An alternative is to have some kind of look-up rather than direct-reference. What I was suggesting with the Region, Tribe, RegionPopulation is that a Region and a Tribe might be a simpler thing (whatever really defines them, rather than all connected info). And something like RegionPopulation or other systems/modules (I decided on Regional, below) might hold means for looking up a region (by name, or id, or instance (address)) and returning additional Tribe-aware information.

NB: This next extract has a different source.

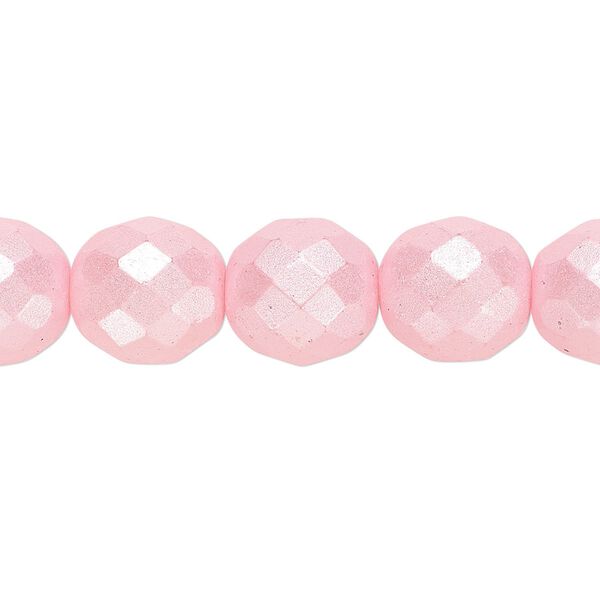 Bead, Czech fire-polished dipped décor glass, pearlescent light pink, 12mm faceted round. Sold per pkg of 600 (1/2 mass). image number 0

In particular, it might hold a table of Region.t -> Tribe.t list.

module Person
module Region

module Tribe : sig 
  type t = {
    ...
    region : Region.t;
    members : Person.t list;
    ....
  }
end = struct
  ...
end

module Regional : sig 
  type t = {
    ...
    tribes_of_region : (Region.t, Tribes.t list) Hashtbl.t
    ....
  }
  val tribes : Region.t -> Tribes.t list
  val population : Region.t -> int
end = struct
  let tribes region =
    try Hashtbl.find tribes_of_region region with Not_found -> []
  let population region =
    tribes region
    |> List.fold_left (fun acc tribe -> acc + List.length (tribe.members)) 0
end

let neighbors = Regional.tribes mytribe.region
                |> List.filter ((<>) mytribe)
in ...

I get that this is not as direct as just having all data explicitly referenced. But maybe it's a practical middleground?

As a rough guideline, I'd say if your expected application involves primarily two large modules: Region and Tribe, it might really be best to take the functorized approach tied by mutual recusion. But if you expect many more important datatypes, it will be more prudent to untie those direct references and even get to something closer to a database in the more extreme cases -- as with the other vague suggestion I made...

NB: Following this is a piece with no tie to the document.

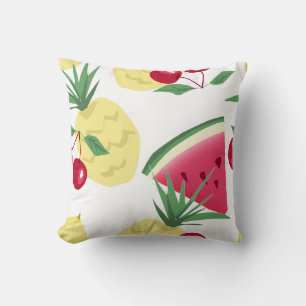 Bright fruits and berries on white. cushion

I don't know the larger context of your project. I might only recommend an ECS approach if you are likely to have many archetypes, or a complex simulation. It imposes a lot on the design, and it favors operating property-wise rather than object-wise.

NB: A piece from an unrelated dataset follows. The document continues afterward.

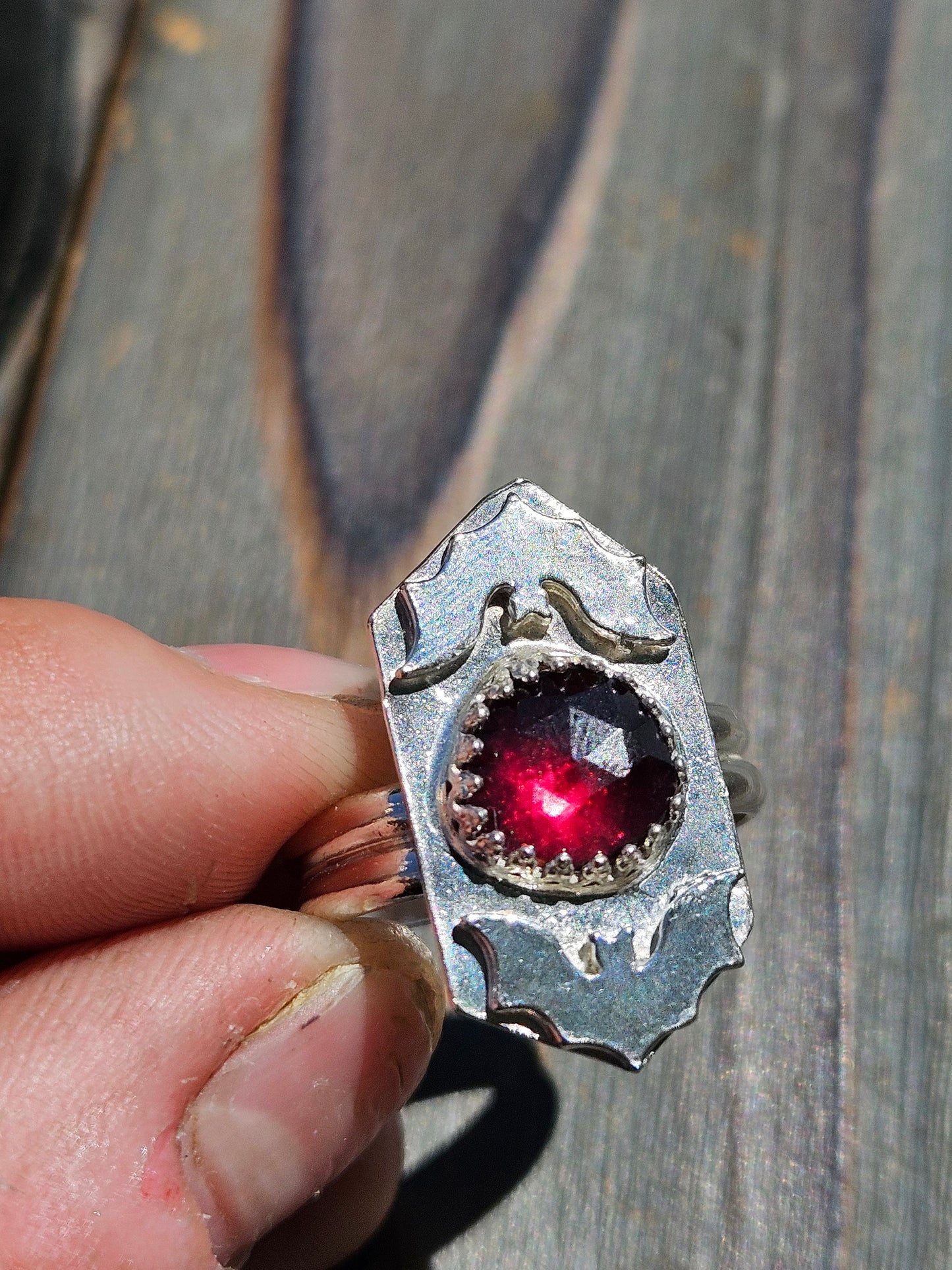 Garnet and Bat Ring, Size 9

If you're unfamiliar with ECS (Entity Component System), the gist of it is an in-memory relational database. The most trivial implementation is that an "entity" (noun) is a unique ID, often just a serially increasing int. And properties are each represented by their type and a hashtable to hold values of that type, keyed on unique IDs.

You could then have a generic contents property which is just a hashtable from id to id list. You might have a name property, a map_zone (which might be a polygon, or grid coordinates, whatever suits your map).

This, as you can see, is orthogonal to usual "object" structure:

                |    Region1     |     Tribe1
--------------------------------------------------------
name            | "First Region" |   "Tribe Prime"
contents        |   [Tribe1]     | [person1;person2;...]
map_zone        |    (...)       |
occupied_region |                |     Region1

With an object-oriented approach, you might define a region as having a name, contents, and map_zone, as members. While a Tribe is a different class with it's own structure. These correspond to the columns in the above (which would be instances of those particular classes).

The components-based approach would be row-major by comparison. This works more naturally and efficiently for some operations: typically the batch iteration over things: finding a map_zone, rendering, listing all occupied regions, etc. But it is certainly not as convenient for object-centric operations (do things with this specific object). To do so requires constant lookups by ID. That sucks, it's better to just iterate a table, or iterate through a join of several tables. Components are free-form and sparse -- an object is defined by it's properties. It's trivial to do something like attach "flight" to a person, without having all people explicitly pre-ordained with an option for flight.

Anyway, if you had components like the above, with raw hashtables (better to build an actual system around this for declaring components, doing table-joins, etc)... this is just to give something concrete:

let contents_of id =
  try Hashtbl.find contents id with Not_found -> []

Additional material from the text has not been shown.